Steckdosen wollte ich über Schütze Paktweise an und ausschalten können. Zum Beispiel alle Hifi-Standbygeräte aus, Kinderzimmer aus...

4.

Der einzige Ort wo ich bis jetzt Beckhoffware kaufen konnte war bei Ebay. Habt ihr vielleicht einen Tipp, wo man als Privatmann noch einkaufen könnte, bzw schauen kann wie teuer das Zeugs ist.

Ich bedank mich mal dann im vorraus schon für eure Antworten    

lg wonderfulworld


----------



## edison (20 August 2007)

wonderfulworld schrieb:


> 1.
> Wie kann ich den Lampen an und ausschalten, bzw Dimmen. Jede einzelne Lampe mit einem Relais anzusteuern kommt mir ziemlich teuer vor, und dann ist die ja immer noch nicht gedimmt. Gibts da nicht vielleicht ne besser, billigere und einfachere Lösung? Hab da mal was von Dali gehört, kann mir darunter aber nichts rechtes vorstellen.


Von Beckhoff gibts dafür extra ne fertige Dimmerklemme - deren Preis würde mich aber auch mal Interessieren.
Dali sollte aber auch nicht gerade billig werden.
Außerdem haben wir hier im Forum eine Suchfunktion - war erst die Tage ein Thema


wonderfulworld schrieb:


> 2.
> Rollandensteuerung, hab ich mir bis jetzt so überlegt einfach ein kleines Relais das 2-3A verträgt und über ne 24V Spule geschalten wird zu nehmen. Problem ist hier, dass mein Onkel kein Relais will, dass lauter ist als ein normaler "Treppenhauseltako"

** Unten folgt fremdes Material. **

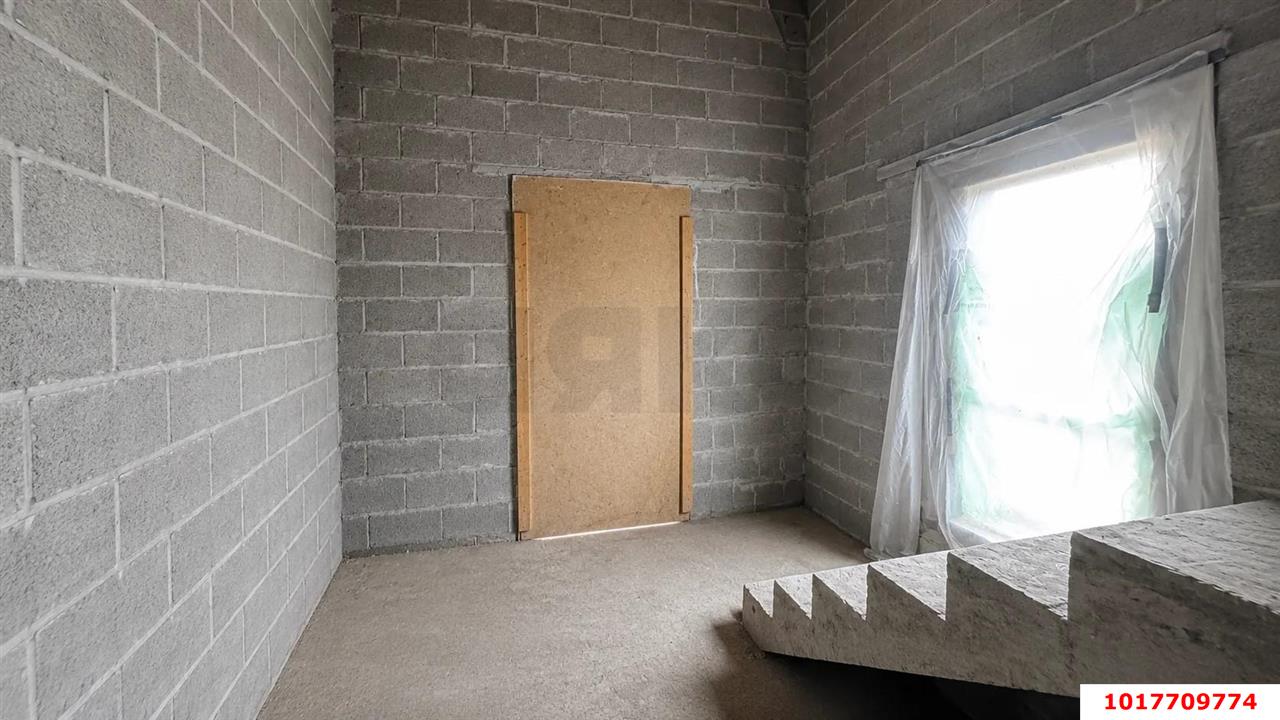 Фото №5: Дом 180&nbsp;м² + 6&nbsp;сот., 2&nbsp;эт. - Краснодар, Прикубанский внутригородской округ, Сады Калинина, мкр. СНТ Радист, ул. Персиковая, 28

Da benötigst Du gleich 2Relais (auf & ab) - so laut sind die auch nicht, dafür aber günstig. Alternativ gibts von Beckhoff auch Klemmen, die Netzspannung elektronisch, also Lautlos, schalten



wonderfulworld schrieb:


> 3.
> Steckdosen wollte ich über Schütze Paktweise an und ausschalten können. Zum Beispiel alle Hifi-Standbygeräte aus, Kinderzimmer aus...


Geht prima mit Finder Relais, als Tipp: Im neuen Progamm sind welche, die sich auch von Hand feststellen lassen. Damit gibts auch Strom aus der Steckdose wenn die Steuerung nicht läuft.



wonderfulworld schrieb:


> 4.
> Der einzige Ort wo ich bis jetzt Beckhoffware kaufen konnte war bei Ebay. Habt ihr vielleicht einen Tipp, wo man als Privatmann noch einkaufen könnte, bzw schauen kann wie teuer das Zeugs ist.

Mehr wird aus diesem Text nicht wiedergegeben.